• _ACTION ITEM_
Take the material below from its first line through the line containing "Loewe Paula's Ibiza Sunglasses" and, please, write those lines again exactly.

########

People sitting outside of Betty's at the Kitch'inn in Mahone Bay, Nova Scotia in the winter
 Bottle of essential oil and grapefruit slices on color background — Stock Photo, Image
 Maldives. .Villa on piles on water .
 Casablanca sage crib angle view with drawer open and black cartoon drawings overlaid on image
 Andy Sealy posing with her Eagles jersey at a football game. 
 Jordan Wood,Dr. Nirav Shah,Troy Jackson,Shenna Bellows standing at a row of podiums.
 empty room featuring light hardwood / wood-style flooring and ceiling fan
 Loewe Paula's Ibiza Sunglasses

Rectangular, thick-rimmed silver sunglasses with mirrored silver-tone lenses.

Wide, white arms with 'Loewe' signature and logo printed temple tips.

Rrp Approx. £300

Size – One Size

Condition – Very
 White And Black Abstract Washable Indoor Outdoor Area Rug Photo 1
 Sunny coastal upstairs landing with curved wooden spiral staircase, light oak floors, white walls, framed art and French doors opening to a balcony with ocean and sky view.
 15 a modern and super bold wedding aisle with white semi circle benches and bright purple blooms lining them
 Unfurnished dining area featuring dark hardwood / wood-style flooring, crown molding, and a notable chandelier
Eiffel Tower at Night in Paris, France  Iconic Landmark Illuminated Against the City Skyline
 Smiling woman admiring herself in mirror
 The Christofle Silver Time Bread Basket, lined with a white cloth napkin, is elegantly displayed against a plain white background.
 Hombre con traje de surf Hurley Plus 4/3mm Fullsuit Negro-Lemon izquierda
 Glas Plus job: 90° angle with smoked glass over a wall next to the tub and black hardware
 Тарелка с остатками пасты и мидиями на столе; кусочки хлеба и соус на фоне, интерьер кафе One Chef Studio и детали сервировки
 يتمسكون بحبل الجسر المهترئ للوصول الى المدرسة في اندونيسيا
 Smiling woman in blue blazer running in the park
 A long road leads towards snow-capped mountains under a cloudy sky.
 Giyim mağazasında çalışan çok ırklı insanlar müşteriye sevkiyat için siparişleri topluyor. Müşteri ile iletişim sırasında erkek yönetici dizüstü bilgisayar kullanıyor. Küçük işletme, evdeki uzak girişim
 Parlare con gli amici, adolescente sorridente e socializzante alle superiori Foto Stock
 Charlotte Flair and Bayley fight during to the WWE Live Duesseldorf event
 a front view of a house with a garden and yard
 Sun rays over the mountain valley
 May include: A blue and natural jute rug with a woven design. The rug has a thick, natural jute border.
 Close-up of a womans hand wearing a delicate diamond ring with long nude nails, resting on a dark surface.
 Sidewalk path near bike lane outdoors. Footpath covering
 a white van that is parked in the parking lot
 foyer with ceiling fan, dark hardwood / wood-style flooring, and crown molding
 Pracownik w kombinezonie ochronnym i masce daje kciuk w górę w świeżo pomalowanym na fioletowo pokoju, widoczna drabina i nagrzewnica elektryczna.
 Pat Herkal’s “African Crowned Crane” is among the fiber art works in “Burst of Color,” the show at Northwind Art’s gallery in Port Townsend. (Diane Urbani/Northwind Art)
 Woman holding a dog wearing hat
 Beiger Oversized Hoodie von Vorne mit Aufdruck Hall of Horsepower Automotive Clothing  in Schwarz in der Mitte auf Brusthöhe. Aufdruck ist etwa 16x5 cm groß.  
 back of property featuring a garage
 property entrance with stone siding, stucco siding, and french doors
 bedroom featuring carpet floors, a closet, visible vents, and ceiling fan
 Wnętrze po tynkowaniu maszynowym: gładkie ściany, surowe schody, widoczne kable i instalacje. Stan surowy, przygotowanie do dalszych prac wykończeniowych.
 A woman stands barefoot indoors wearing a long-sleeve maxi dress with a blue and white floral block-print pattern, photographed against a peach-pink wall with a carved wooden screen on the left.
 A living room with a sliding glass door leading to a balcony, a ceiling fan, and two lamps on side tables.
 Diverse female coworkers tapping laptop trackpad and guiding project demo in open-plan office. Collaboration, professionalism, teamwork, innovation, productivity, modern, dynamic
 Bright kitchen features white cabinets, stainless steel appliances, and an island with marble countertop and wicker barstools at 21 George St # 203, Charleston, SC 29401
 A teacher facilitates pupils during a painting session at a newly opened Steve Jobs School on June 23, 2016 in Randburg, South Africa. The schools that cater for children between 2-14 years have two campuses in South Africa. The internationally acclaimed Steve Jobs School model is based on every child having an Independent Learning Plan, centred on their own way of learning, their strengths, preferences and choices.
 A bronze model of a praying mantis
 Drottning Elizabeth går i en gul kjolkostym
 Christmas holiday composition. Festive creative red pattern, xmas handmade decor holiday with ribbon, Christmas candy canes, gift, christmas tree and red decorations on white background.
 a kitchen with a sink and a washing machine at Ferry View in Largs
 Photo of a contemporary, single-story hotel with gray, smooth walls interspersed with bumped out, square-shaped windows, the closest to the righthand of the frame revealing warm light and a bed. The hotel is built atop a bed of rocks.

########

• _EXPECTED OUTPUT_
People sitting outside of Betty's at the Kitch'inn in Mahone Bay, Nova Scotia in the winter
 Bottle of essential oil and grapefruit slices on color background — Stock Photo, Image
 Maldives. .Villa on piles on water .
 Casablanca sage crib angle view with drawer open and black cartoon drawings overlaid on image
 Andy Sealy posing with her Eagles jersey at a football game. 
 Jordan Wood,Dr. Nirav Shah,Troy Jackson,Shenna Bellows standing at a row of podiums.
 empty room featuring light hardwood / wood-style flooring and ceiling fan
 Loewe Paula's Ibiza Sunglasses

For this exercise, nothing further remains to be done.